I remove the stopwords (NLTK stopwords), remove punctuation, lowercase all letters and tokenize the sentence, so the processed sequence looks like ['please', 'call', 'us', 'able', 'help', 'phone', 'number', '1234']
. I have about 30,000 sequences varying in length from 1 (single words) to 3, and I'm searching in almost 6,000 short sentences. My current approach is presented below:
from collections import Counter
from tqdm import tqdm
import nltk
# Get term sequency per sentence
def get_bow(sen, vocab):
vector = [0] * len(vocab)
tokenized_sentence = nltk.word_tokenize(sen)

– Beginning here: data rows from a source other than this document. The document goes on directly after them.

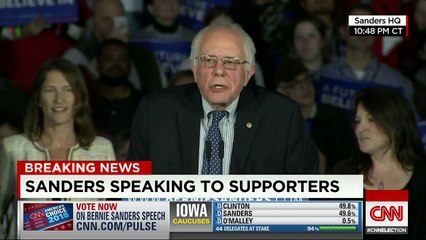 Bernie Sanders Iowa Speech - We are in a virtual tie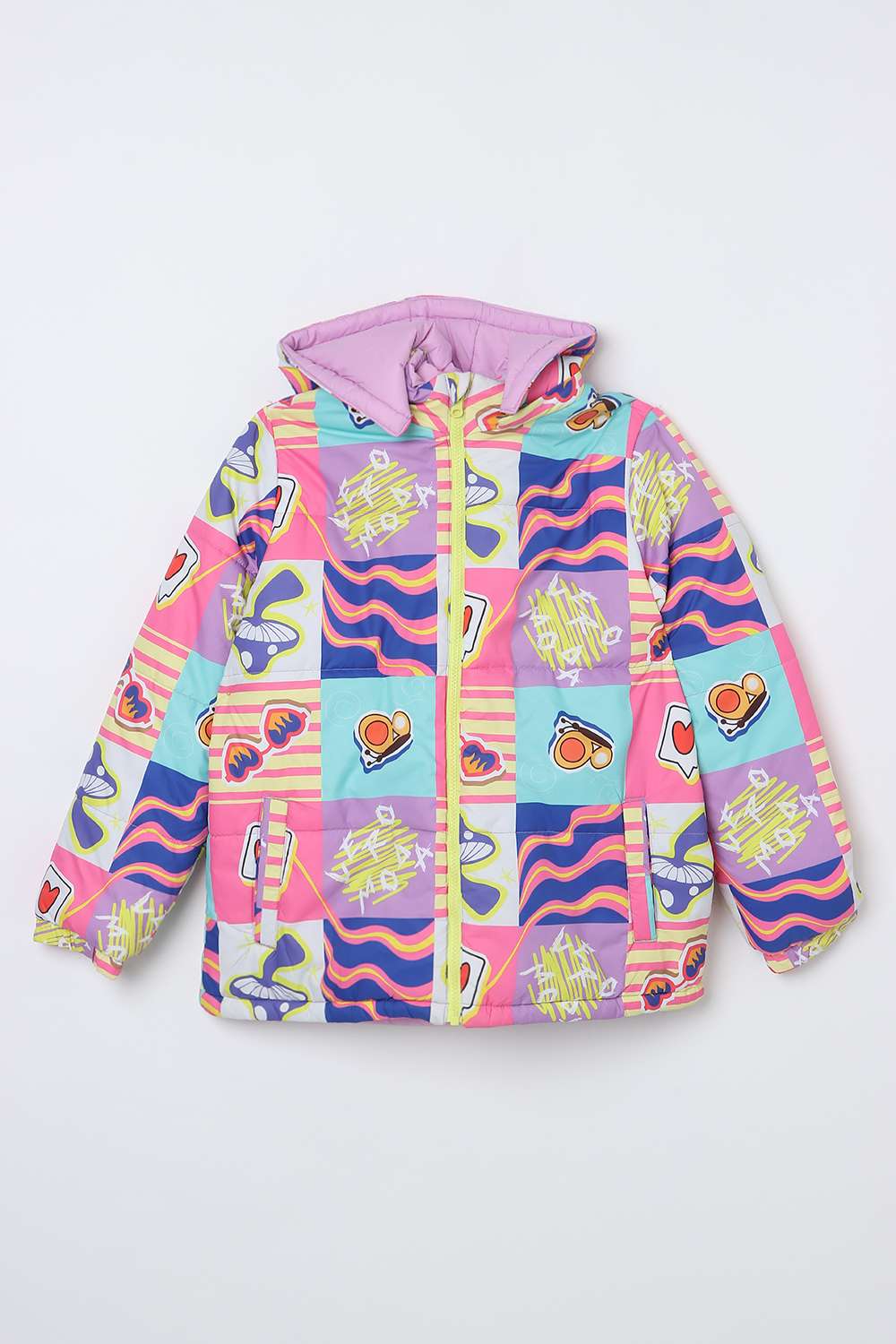 Blended-Fabric-Regular-Fit-Girls-Jacket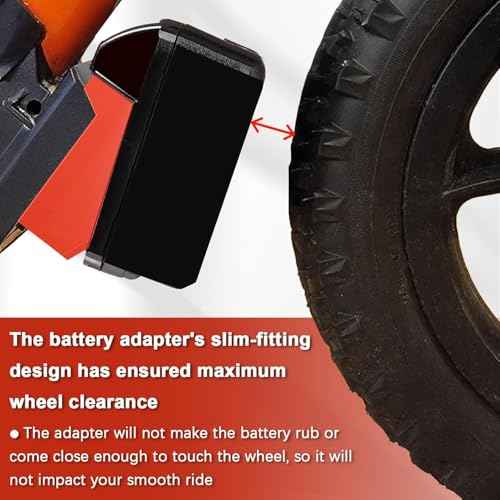 Battery Adapter for Stacyc 12" and 16" Fit for Mil.Waukee 18v Batteries, Double The Battery Life, Easy Installation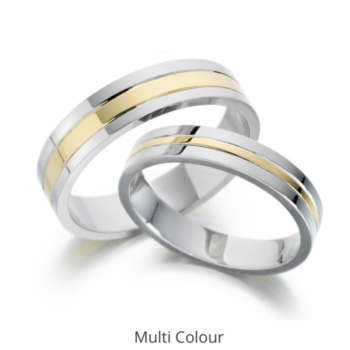 Multi colour wedding bands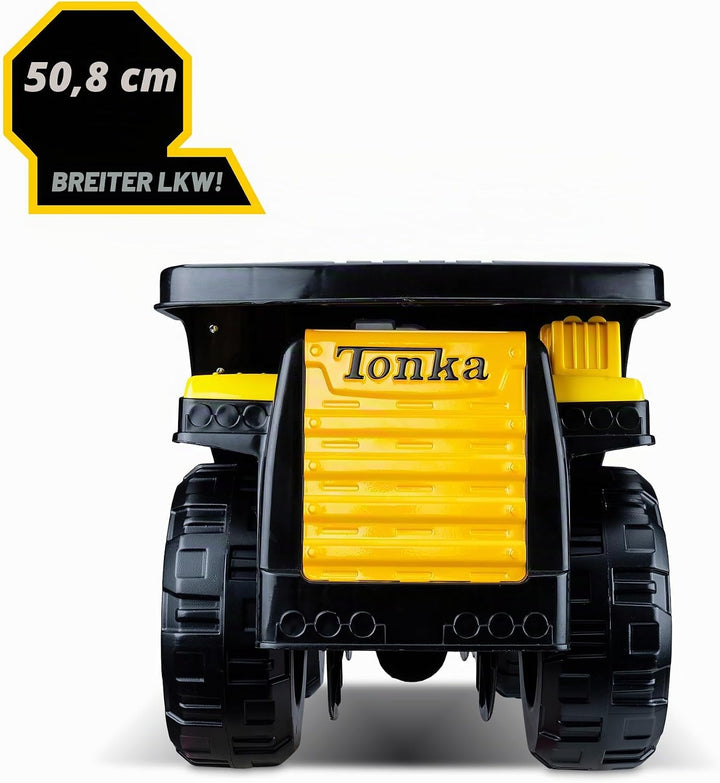 Steel Classic Robuster Riesenkran-Muldenkipper, Tonka, Konstruktionsspielzeug für Kinder, Spielzeugf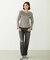 2WAY RUFFLE COLLAR STRIPED L/S TOP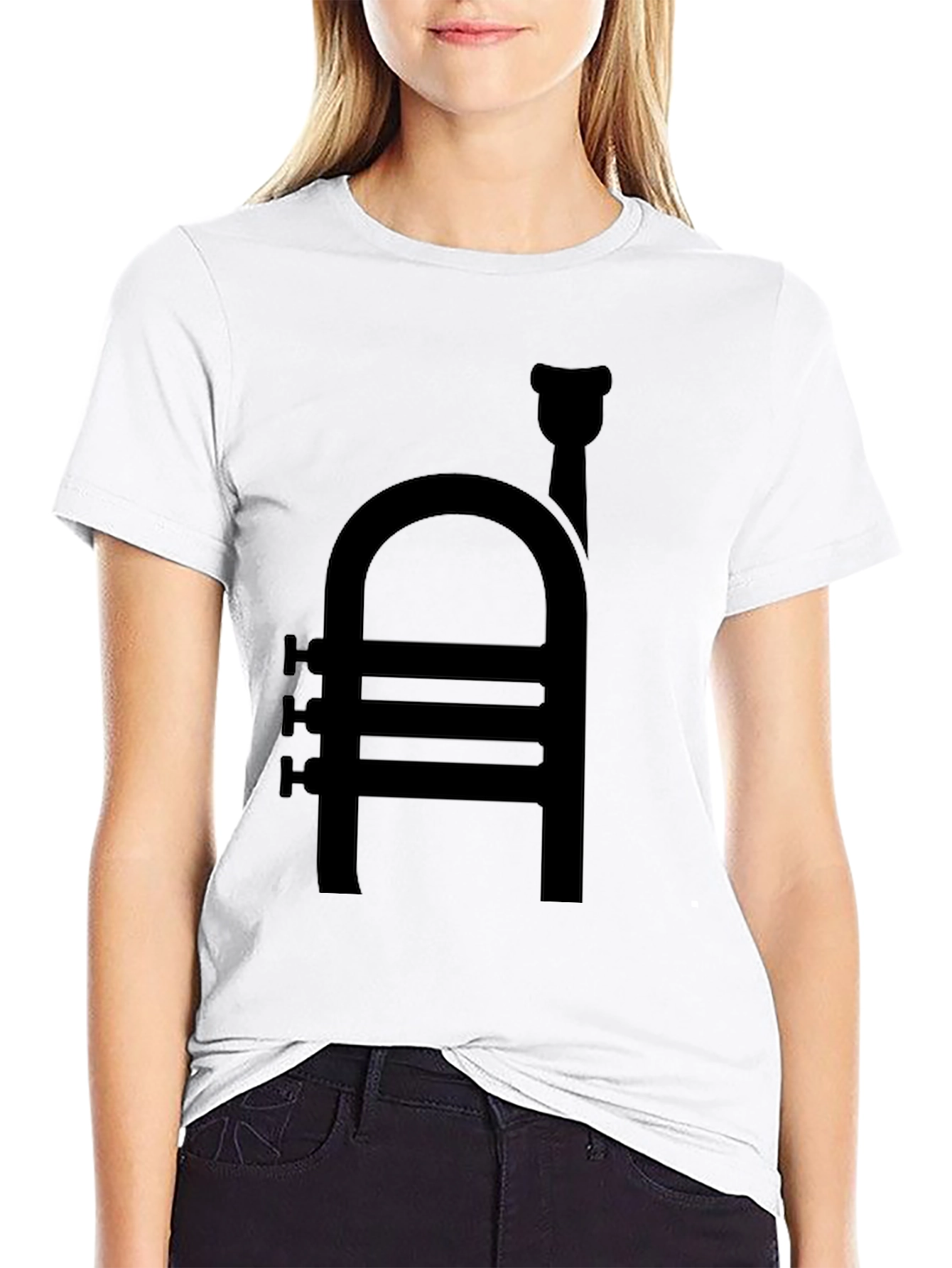 Trumpet Graphic T-Shirt - Music Lover Tee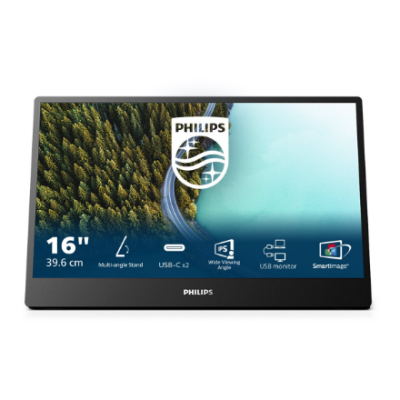 Philips | 16B1P3302D / 00 | 16 " | IPS | 75 Hz | 4 ms | 1920 x 1080 pixels | 250 cd / m²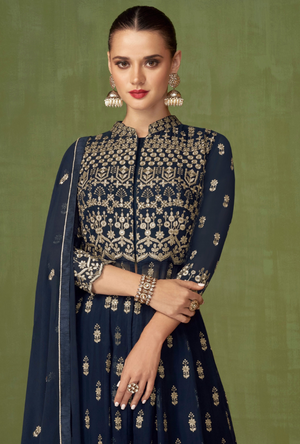 Blue Anarkali Dress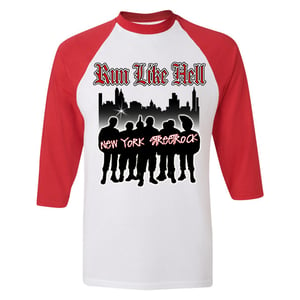Image of RUN LIKE HELL "New York Streetrock" 3/4 Sleeve Jersey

combined_sentence = list(itertools.chain.from_iterable([itertools.combinations(tokenized_sentence, 1),
itertools.combinations(tokenized_sentence, 2),
itertools.combinations(tokenized_sentence, 3)]))
for el in combined_sentence:
if el in vocab:
cnt = combined_sentence.count(el)
idx = vocab.index(el)
vector[idx] = cnt
return vector
sentence_vectors = []
for sentence in tqdm(text_list):
sent_vec = get_bow
sentence_vectors.append(get_bow(sentence, phrase_list))
phrase_list
is a list of tuples with the sequences, text_list
is a list of strings. Currently, the frequency takes over 1 hour to calculate and I'm trying to find more efficient way to get the list of frequencies associated with the given terms. I've also tried using sklearn's CountVectorizer
, but there's a problem with processing sequences with gaps and they're not calculated at all.
I'd be grateful if anyone would try to give me some insight about how to make my script more efficient. Thanks in advance!
EDIT:
Example of phrase_list
: [('able',), ('able', 'us', 'software'), ('able', 'back'), ('printer', 'holidays'), ('printer', 'information')]
Example of text_list
: ['able add printer mac still working advise calling support team mon fri excluding bank holidays would able look', 'absolutely one cat coyote peterson', 'accurate customs checks cause delays also causing issues expected delivery dates changing', 'add super mario flair fridge desk supermario dworld bowsersfury magnet set available platinum points shipping costs mynintendo reward get', 'additional information though pass comments team thanks']
Expected output: [2, 0, 0, 1, 0]
- a vector with occurrence count of each phrase, the order of values should be the same as in phrase_list
. My code returns the vector of a phrase occurence per sentence, because I was trying to implement something like a bag-of-words.